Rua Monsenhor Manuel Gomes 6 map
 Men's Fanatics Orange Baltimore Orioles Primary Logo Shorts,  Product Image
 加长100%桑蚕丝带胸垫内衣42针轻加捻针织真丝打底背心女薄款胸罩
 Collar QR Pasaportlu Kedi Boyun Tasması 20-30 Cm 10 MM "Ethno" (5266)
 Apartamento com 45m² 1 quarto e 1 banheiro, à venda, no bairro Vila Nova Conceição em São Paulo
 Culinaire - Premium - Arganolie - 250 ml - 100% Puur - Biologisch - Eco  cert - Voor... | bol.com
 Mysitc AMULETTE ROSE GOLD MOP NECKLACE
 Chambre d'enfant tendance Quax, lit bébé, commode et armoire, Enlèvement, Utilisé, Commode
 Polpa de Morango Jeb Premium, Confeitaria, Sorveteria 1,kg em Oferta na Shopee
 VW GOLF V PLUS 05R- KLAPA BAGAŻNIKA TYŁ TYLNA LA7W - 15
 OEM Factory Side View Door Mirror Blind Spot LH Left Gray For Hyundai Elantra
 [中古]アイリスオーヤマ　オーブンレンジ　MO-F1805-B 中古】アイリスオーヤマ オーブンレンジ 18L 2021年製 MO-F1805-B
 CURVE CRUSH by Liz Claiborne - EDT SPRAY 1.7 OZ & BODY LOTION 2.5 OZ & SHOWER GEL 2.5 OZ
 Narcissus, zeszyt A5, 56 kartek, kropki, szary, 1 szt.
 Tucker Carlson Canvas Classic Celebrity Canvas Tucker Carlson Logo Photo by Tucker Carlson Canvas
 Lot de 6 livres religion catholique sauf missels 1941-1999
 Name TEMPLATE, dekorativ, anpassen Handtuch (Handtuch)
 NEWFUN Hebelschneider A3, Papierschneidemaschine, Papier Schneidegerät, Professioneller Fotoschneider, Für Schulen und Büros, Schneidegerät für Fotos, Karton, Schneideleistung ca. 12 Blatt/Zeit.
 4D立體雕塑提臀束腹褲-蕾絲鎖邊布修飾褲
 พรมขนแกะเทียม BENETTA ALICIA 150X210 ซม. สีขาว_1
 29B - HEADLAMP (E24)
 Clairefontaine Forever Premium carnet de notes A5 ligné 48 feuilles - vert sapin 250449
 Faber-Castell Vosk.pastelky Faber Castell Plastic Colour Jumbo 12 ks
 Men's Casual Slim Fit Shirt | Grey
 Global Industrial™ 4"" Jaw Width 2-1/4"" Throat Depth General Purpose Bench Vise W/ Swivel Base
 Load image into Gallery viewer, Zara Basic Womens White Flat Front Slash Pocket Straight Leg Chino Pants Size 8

**Task to complete:**
Retype the portion of the data above that starts on the line with "[中古]アイリスオーヤマ　オーブンレンジ　MO-F1805-B 中古】アイリスオーヤマ オーブンレンジ" and finishes on the line with "Name TEMPLATE, dekorativ, anpassen", including both of those lines.

**Written solution:**
 [中古]アイリスオーヤマ　オーブンレンジ　MO-F1805-B 中古】アイリスオーヤマ オーブンレンジ 18L 2021年製 MO-F1805-B
 CURVE CRUSH by Liz Claiborne - EDT SPRAY 1.7 OZ & BODY LOTION 2.5 OZ & SHOWER GEL 2.5 OZ
 Narcissus, zeszyt A5, 56 kartek, kropki, szary, 1 szt.
 Tucker Carlson Canvas Classic Celebrity Canvas Tucker Carlson Logo Photo by Tucker Carlson Canvas
 Lot de 6 livres religion catholique sauf missels 1941-1999
 Name TEMPLATE, dekorativ, anpassen Handtuch (Handtuch)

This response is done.